*** RAW DATA

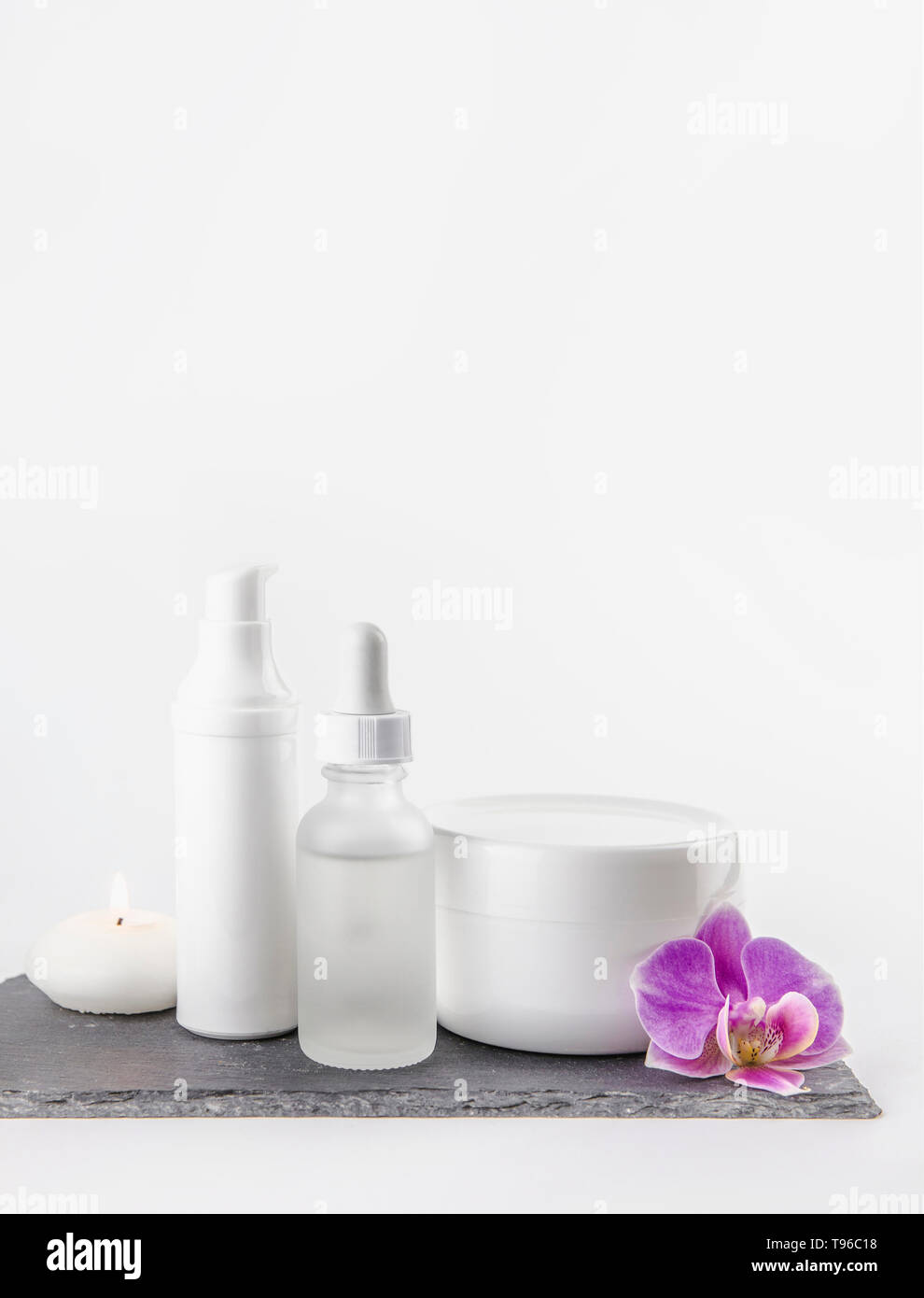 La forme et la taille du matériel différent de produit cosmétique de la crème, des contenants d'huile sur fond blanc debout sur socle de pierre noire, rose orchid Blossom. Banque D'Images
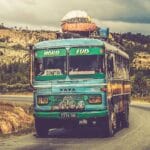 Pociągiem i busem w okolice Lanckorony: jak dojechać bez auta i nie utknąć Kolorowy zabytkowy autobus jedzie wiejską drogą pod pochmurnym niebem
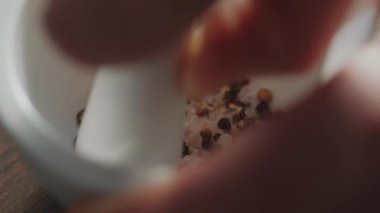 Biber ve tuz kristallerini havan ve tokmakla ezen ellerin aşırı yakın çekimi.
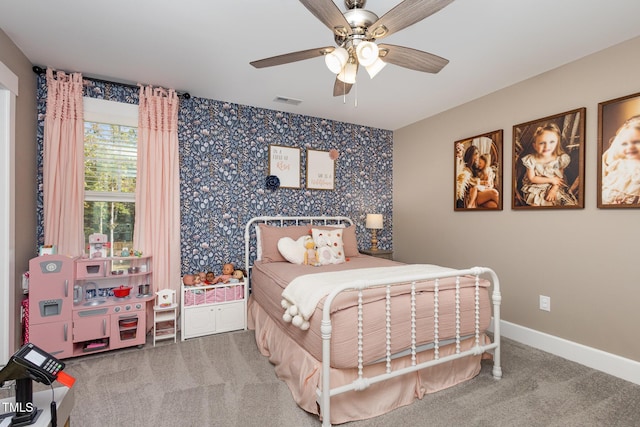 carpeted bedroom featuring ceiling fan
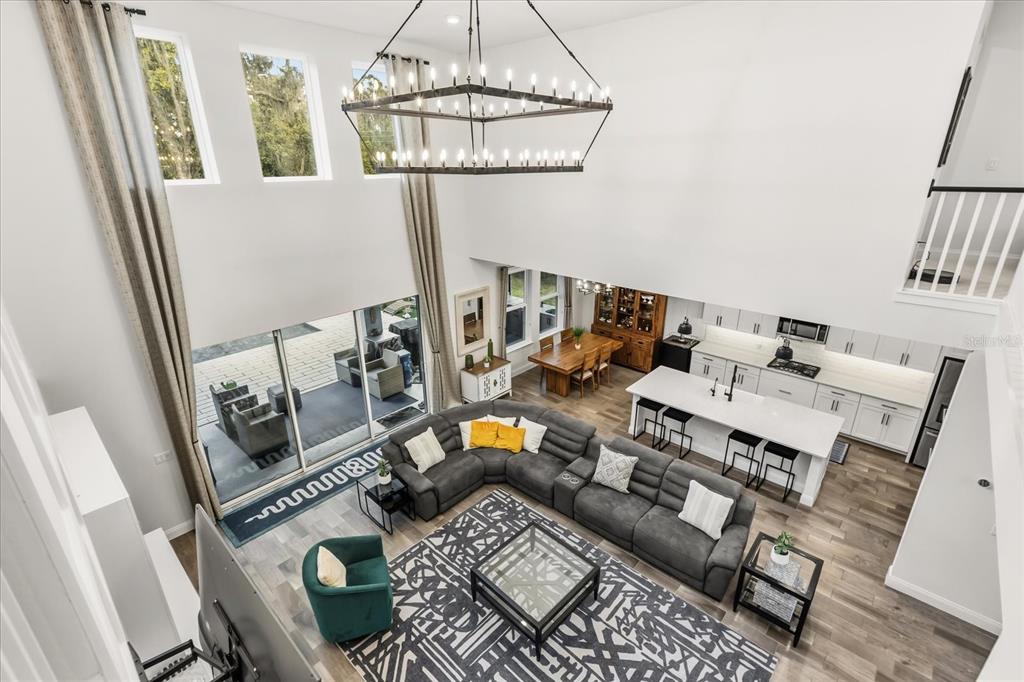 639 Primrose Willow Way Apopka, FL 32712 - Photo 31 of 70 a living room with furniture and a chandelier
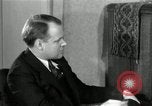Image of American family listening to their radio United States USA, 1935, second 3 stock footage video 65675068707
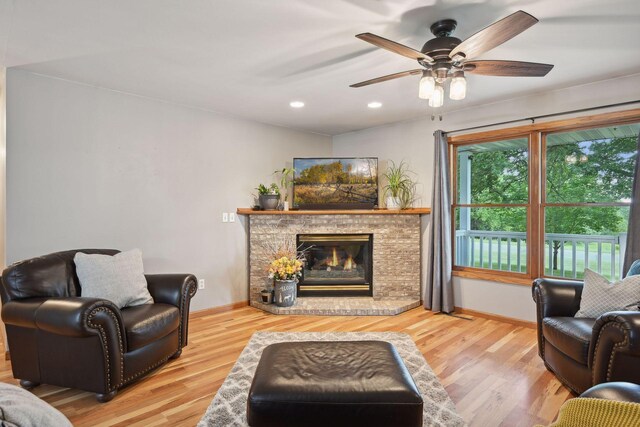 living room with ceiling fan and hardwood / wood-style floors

******

▶ **WHAT YOU WILL DO**
From the line containing "carpeted bedroom featuring ceiling fan" through the last line of the records, both included, output those lines exactly and nothing else; skip the pictures.

▶ **RESPONSE TO THIS EXERCISE**
 carpeted bedroom featuring ceiling fan
 639 Primrose Willow Way Apopka, FL 32712 - Photo 31 of 70 a living room with furniture and a chandelier
Image of American family listening to their radio United States USA, 1935, second 3 stock footage video 65675068707
 living room with ceiling fan and hardwood / wood-style floors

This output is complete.